Charge density differences in side view of the acetone (a) and toluene (b) adsorbed single-vacancy silicene. Yellow color illustrates the charge accumulation, whereas the cyan demonstrates the charge depletion.
In this paper, we investigated the adsorption of acetone and toluene on the surface of the single-vacancy silicene by using the DFT calculations. Obtained results show that the adsorptions of acetone and toluene on the subtract exhibits the physical adsorption behavior.
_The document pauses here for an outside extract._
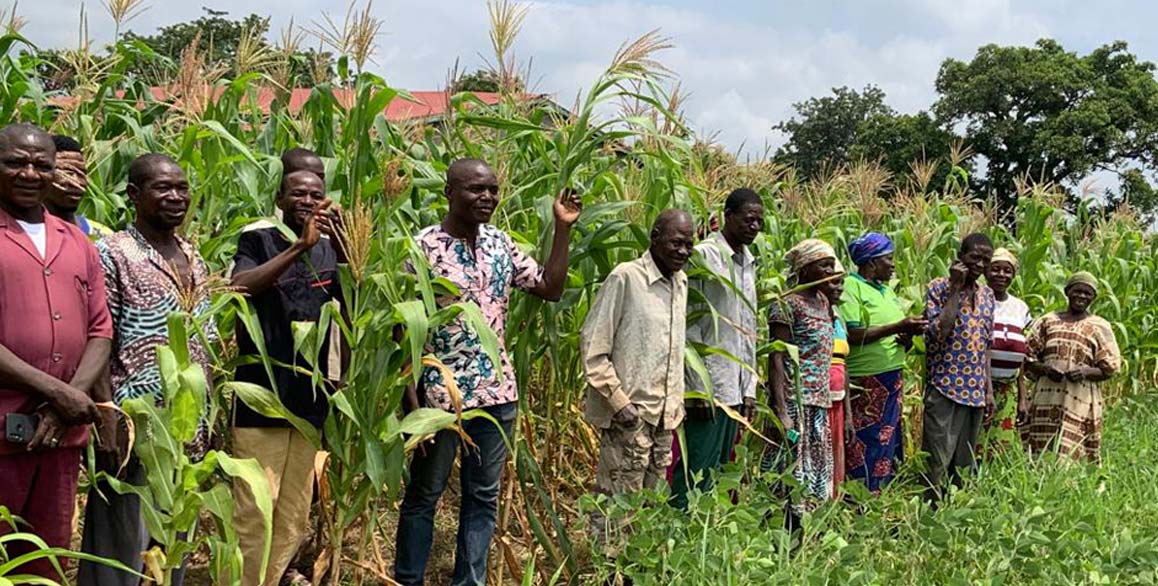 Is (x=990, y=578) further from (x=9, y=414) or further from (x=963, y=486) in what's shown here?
(x=9, y=414)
The single-vacancy silicene maintains its metallic electronic structure after the adsorption. The adsorption energies for acetone and toluene were found to be −0.36 eV and −0.57 eV, respectively. The charge transfers between the substrate and adsorbate molecules are 0.17 e (acetone) and 0.30 e (toluene). While the Si vacancy significantly affects the adsorption of acetone molecules, its effect on the toluene adsorption is considerably weak. These findings suggest a way to improve the selectivity of silicene against VOCs.
This research was supported by the Vietnam National Foundation for Science and Technology Development (NAFOSTED) under Grant Number 103.01-2018.315. The authors are also thankful to the project on the establishment of Master’s Nanotechnology program under the contract between Japan Cooperation International Agency (JICA) and Osaka University.